The requirements are that I then nominate up to fifteen other bloggers I find interesting or entertaining, and so it goes on until we all start attempting to nominate each other several times over, or we lie behind the sofa when we hear the knock on the door and pretend to be out.
So, here are my favourites in strictly alphabetical order:
Christine Kling — Sailing Writer
Graham Smith — CrimeSquad
J Sydney Jones — Scene of the Crime
Jochem Vandersteen — Sons of Spade
Jungle Red Writers
Lee Goldberg — A Writer’s Life
Lesa Holstine — Lesa’s Book Critiques
Murder Is Everywhere
Paul D Brazill — You Would Say That, Wouldn’t You? and Brit Grit Alley
Rhian Davies — It’s A Crime
Richard Godwin — Chin Wags At The Slaughterhouse
Russel D McLean — Do Some Damage and These Aye Mean Streets
Seeley James — Headquarters for thriller readers
Timothy Hallinan — Blog Cabin
Tony Black — Pulp Pusher
Profuse apologies to anyone I’ve missed out!

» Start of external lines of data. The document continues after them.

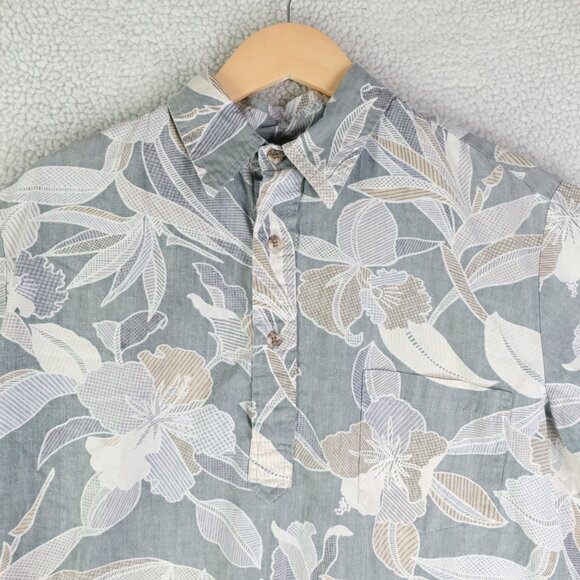 Vintage Shirt Mens Medium Blue White Floral Popover Reverse Print Short Sleeve - Picture 2 of 8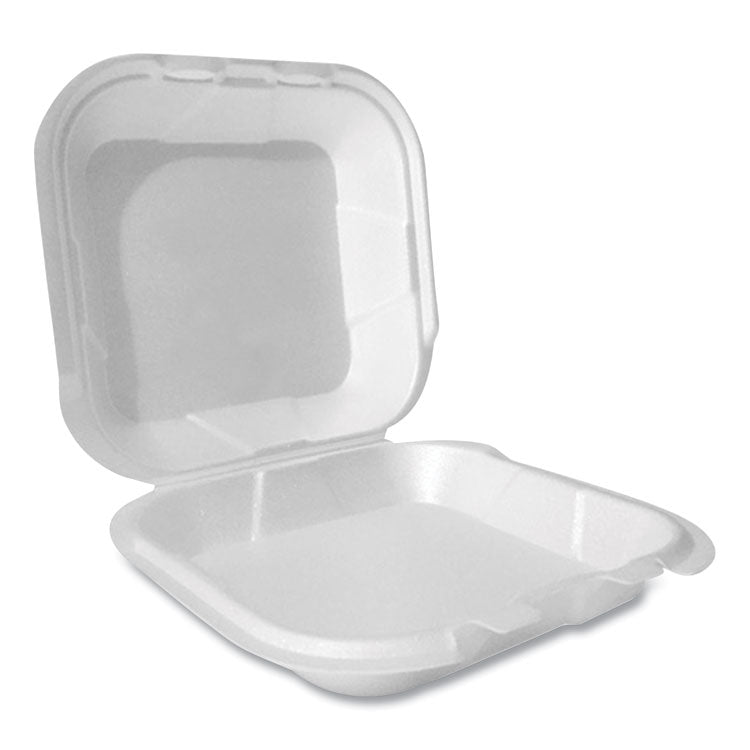 Plastifar - Foam Hinged Lid Container, Secure Two Tab Latch, Poly Bag, 8 x 8.56 x 2.76, White, 100/Sleeve, 2 Sleeves/Bag, 1 Bag/Pack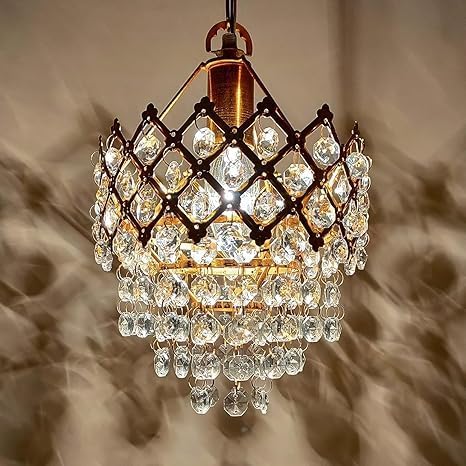 Ewings 160mm Crystal Pendant Chandelier for Ceiling | Luxury Hanging Light for Living Room, Dining Room, Hall | Antique Brass Finish with K9 Crystals | Decorative Jhoomar for Home Decor - Image 2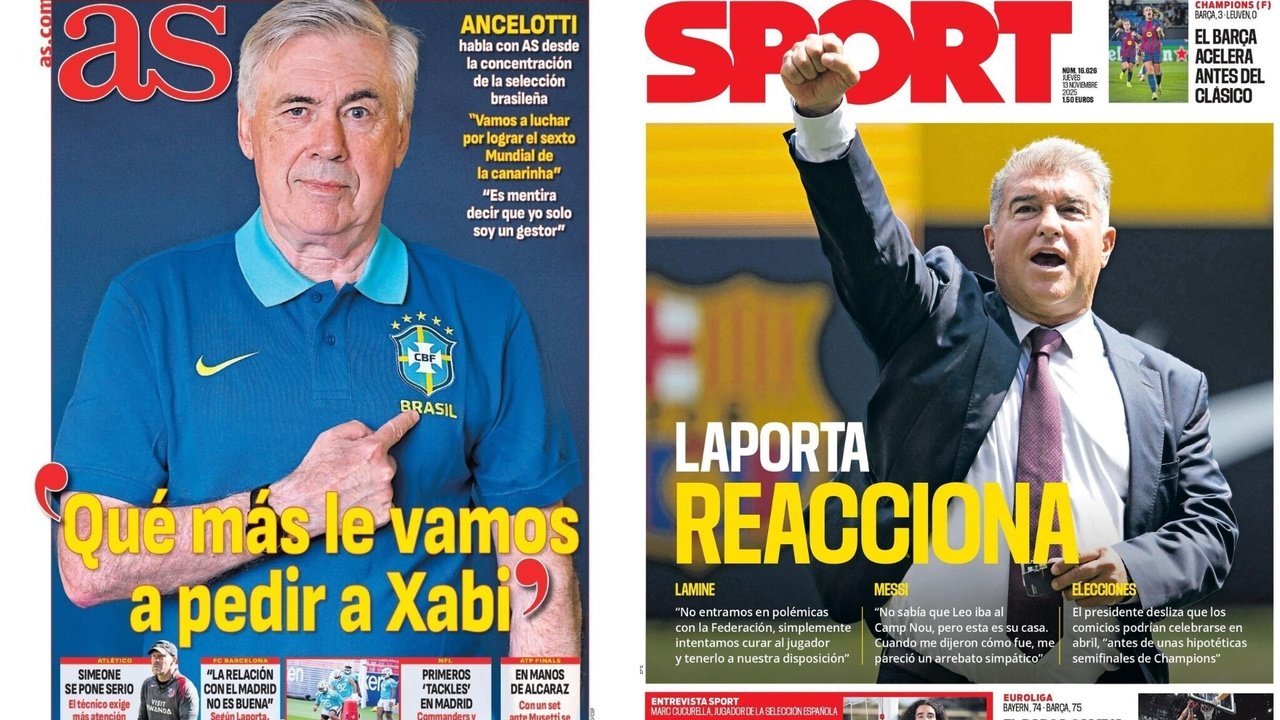 Las portadas de la prensa deportiva del jueves 13 de noviembre. As/SPORT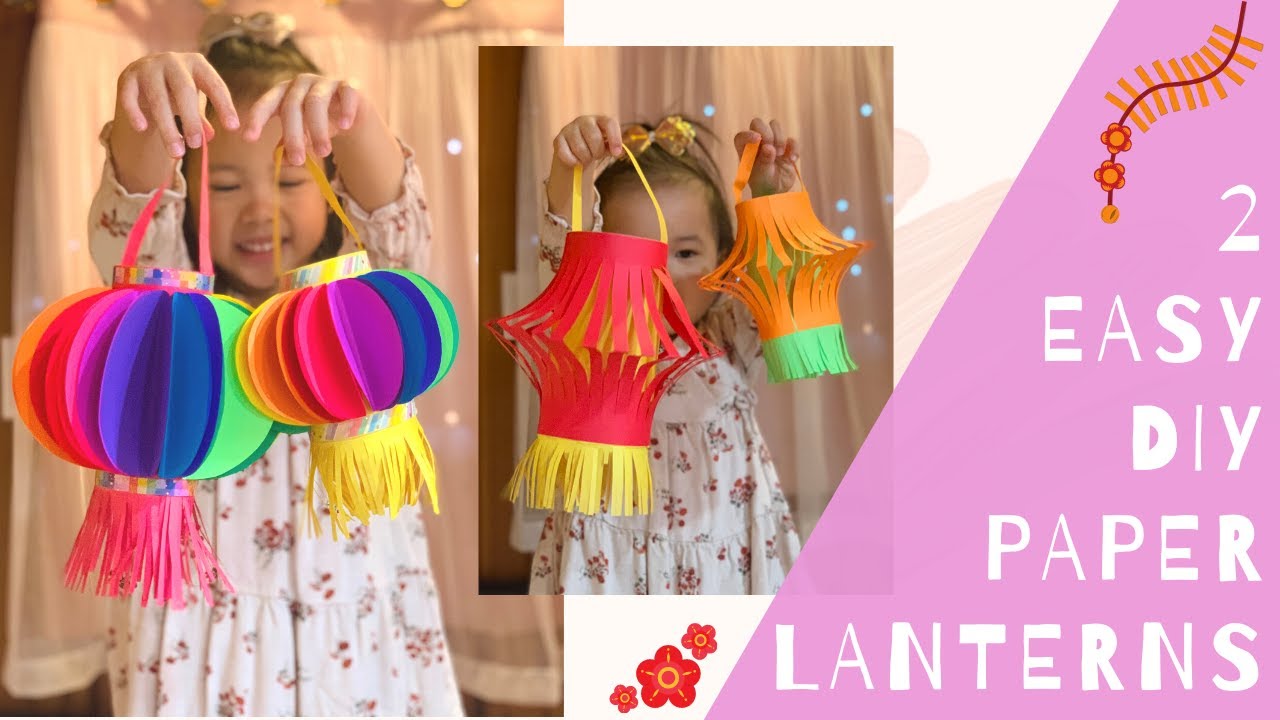 How to make paper lanterns, 2 easy DIY kids craft tutorial, Lunar New  Year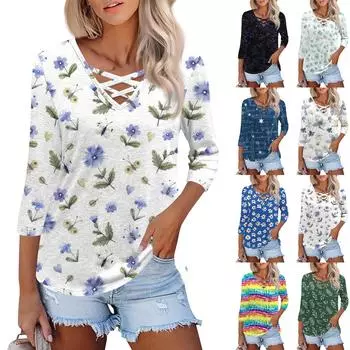 Женская модная свободная футболка с перекрестным V-образным вырезом и семью рукавами, повседневный топ с винтажным цветочным принтом L синий
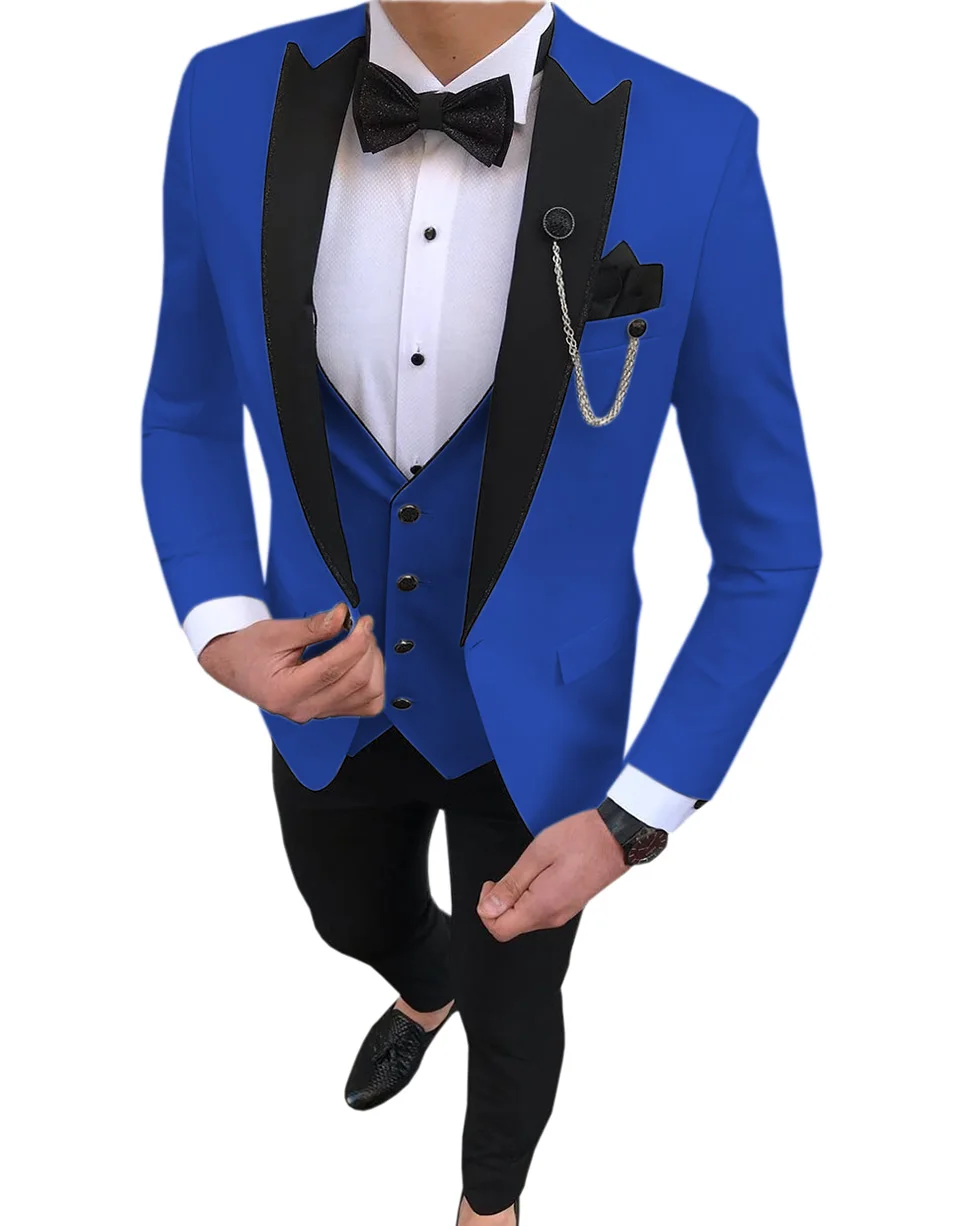 Ternos masculinos 3 peças slim fit lazer padrinhos branco marfim lapela smoking de negócios para casamento formal (blazer + calças + colete)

The second requirement of all this is to reveal seven things you don’t know about me. Hmm, that’s tricky but I’ll give it a whirl:
I learned to scuba dive as a child before I could swim. Still not the world’s best swimmer — would rather have a wetsuit and pair of fins.
I hate filling in forms.
I can dry-stone wall.
I once took part in a rodeo
I have a thing about feet — particularly ones with cracked heels, hairy toes and curling yellowed nails. Yuck!

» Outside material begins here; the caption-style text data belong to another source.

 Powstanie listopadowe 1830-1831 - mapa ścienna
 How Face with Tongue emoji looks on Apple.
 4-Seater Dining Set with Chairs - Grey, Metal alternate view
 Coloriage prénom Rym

I can kill you where you stand — oh, hang on, everybody knows that about me. I’ll try again: I am a qualified British Horse Society riding instructor and used to love side-saddle.

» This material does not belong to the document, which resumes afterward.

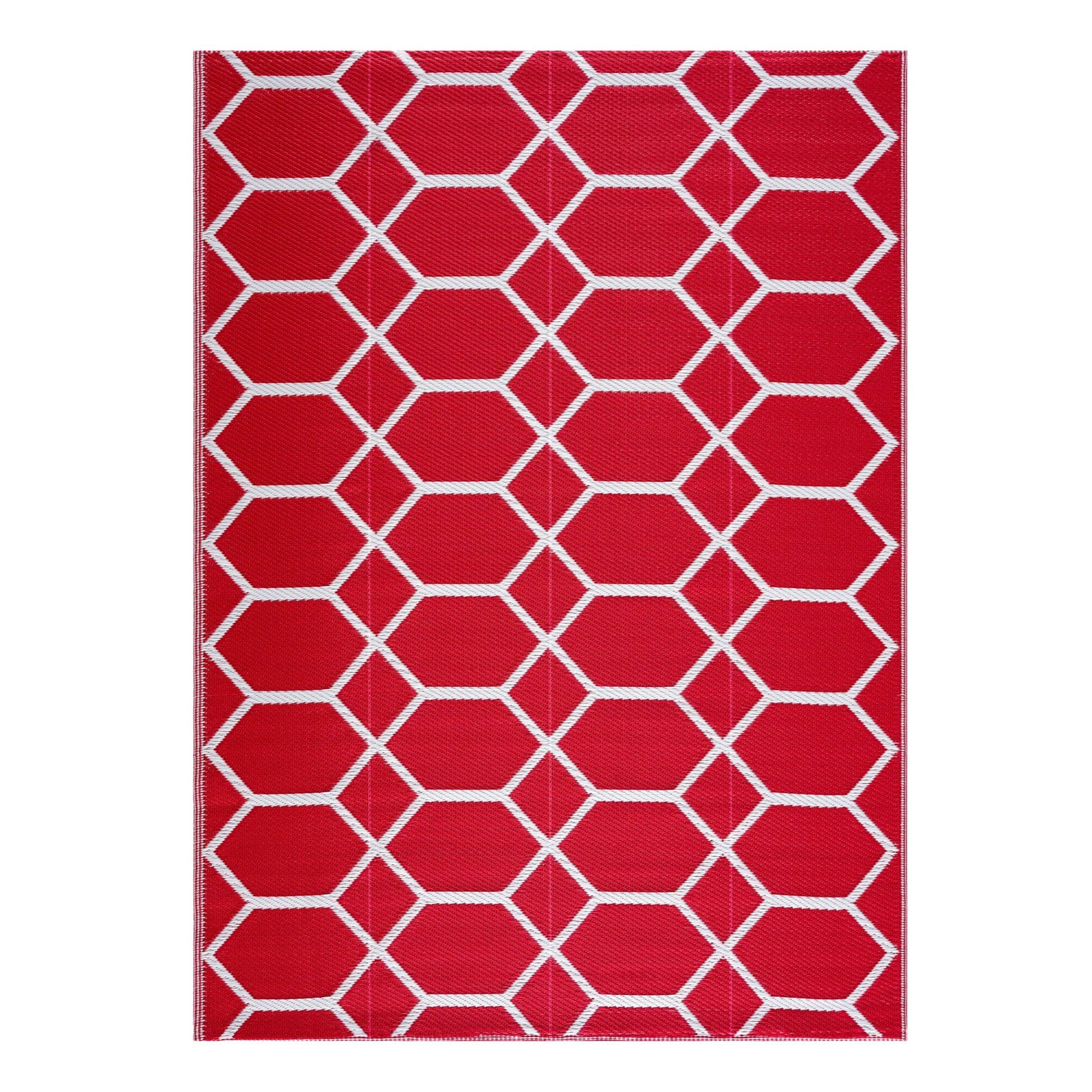 Outdoor Rug - Folded Design - Recycled Plastic Mat for Patio, Camping, Beach, Balcony, Porch, Deck - Weather, Water, Stain, Lightweight, Fade and UV Resistant - Miami - Red & White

I used to crew boats as an astro-navigator and still have my own sextant — a gift from my father.
That’s it from me. Thank you again to Seumas for the nod.
This week’s Word of the Week is fictioneer — one who writes fiction especially in quantity rather than quality, a word coined in 1923 and from the Latin fingere from which we also get feign and figment.